Moving Detector Quantum Walk with Random Relocation

TL;DR

This paper investigates a quantum walk with a detector that is randomly relocated, revealing quantum-specific effects, crossover behaviors, and differences from classical and other quantum walk models.

Contribution

It introduces two models of random detector relocation in quantum walks and analyzes their distinct spreading behaviors and occupation probability ratios.

Findings

Model 1 allows greater spreading due to unrestricted reinsertion.

Occupation probability ratios initially mimic semi-infinite walk behavior.

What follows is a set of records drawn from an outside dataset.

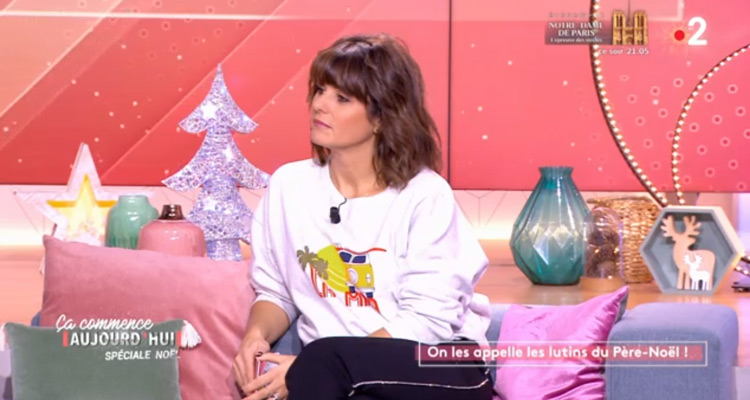 Ça commence aujourd’hui : Faustine Bollaert battue par M6 et accrochée par Le Renard, audiences en net repli pour France 2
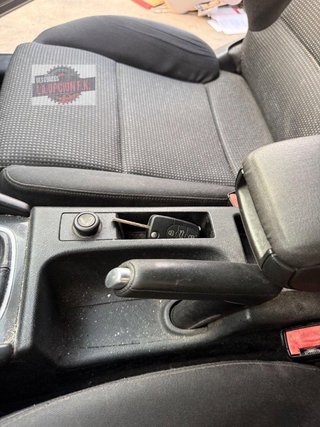 PALANCA FRENO Audi A3 (8P1)(05.2003->)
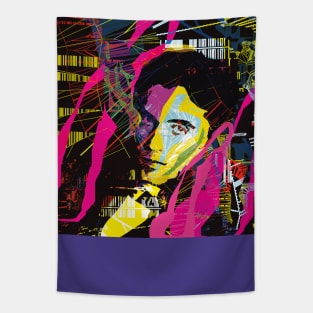 Federico Garcia Lorca Tapestry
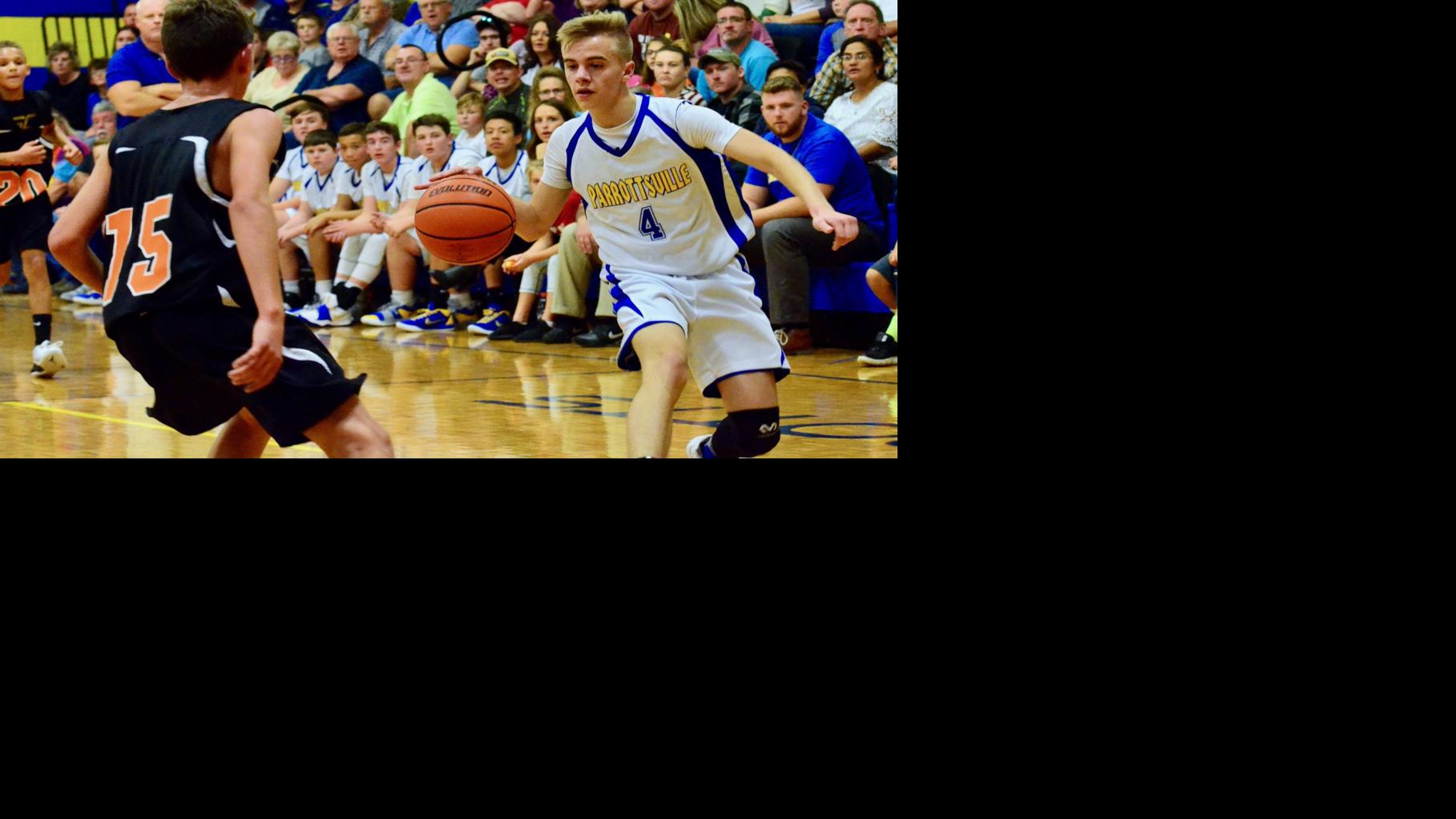 Elementary Basketball Tournament Set To Open On Monday Sports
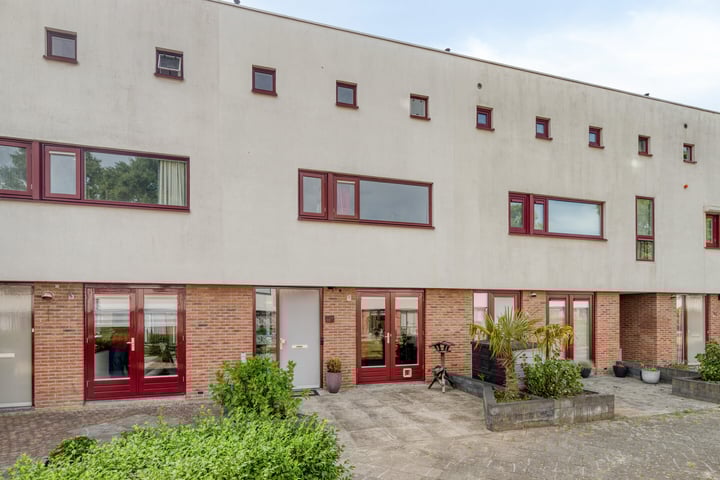 Dijkgraaf 58 in Alphen aan den Rijn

A crossover in saturation ratios occurs at a critical removal time $t_R^*$.

Abstract

We study a discrete-time quantum walk in presence of a detector at $x_D$ initially. The detector here is repeatedly removed after a span of $t_R$, the removal time, and reinserted at random locations. Two relocation rules are considered here: In Model~1, the detector is reinserted at any site beyond $x_D$, while in Model~2, reinsertion is done within a restricted window around the position of the detector at that time. Both variants behave like Semi Infinite Walk (SIW) for large $t_R$, where the detector behaves effectively as a fixed boundary. However, in the rapid-relocation regime, i.e., when $t_R$ is small, the behaviours are different. Model~1 permits greater spreading due to unrestricted reinsertion, which is different from Model~2. The time evolution of occupation probability ratio of our walker to that of an infinite walker at $x_D$, i.e., $f(x_D,t)/f_\infty(x_D,t)$, initially show the feature of a SIW upto $t=t_R$, then show some oscillatory behaviour and finally reach a saturation value for both the models. The ratio enhancing under certain conditions of $x_D$ and $t_R$, is a purely quantum mechanical effect. The saturation ratio shows a crossover behavior below and above a removal time $t_R^*$. At sites $x \neq x_D$ the occupation probablity ratios at a certain time reveals that for small $t_R$, the behaviours of the two models are drastically different from each other, as well as from Semi Infinite Walk (SIW), Quenched Quantum Walk (QQW) and Moving Detector Quantum Walk (MDQW). The correlation ratios of the two models with that of Infinite Walk (IW) show interesting time dependence for sites to the left or right of the initial detector position $x_D$.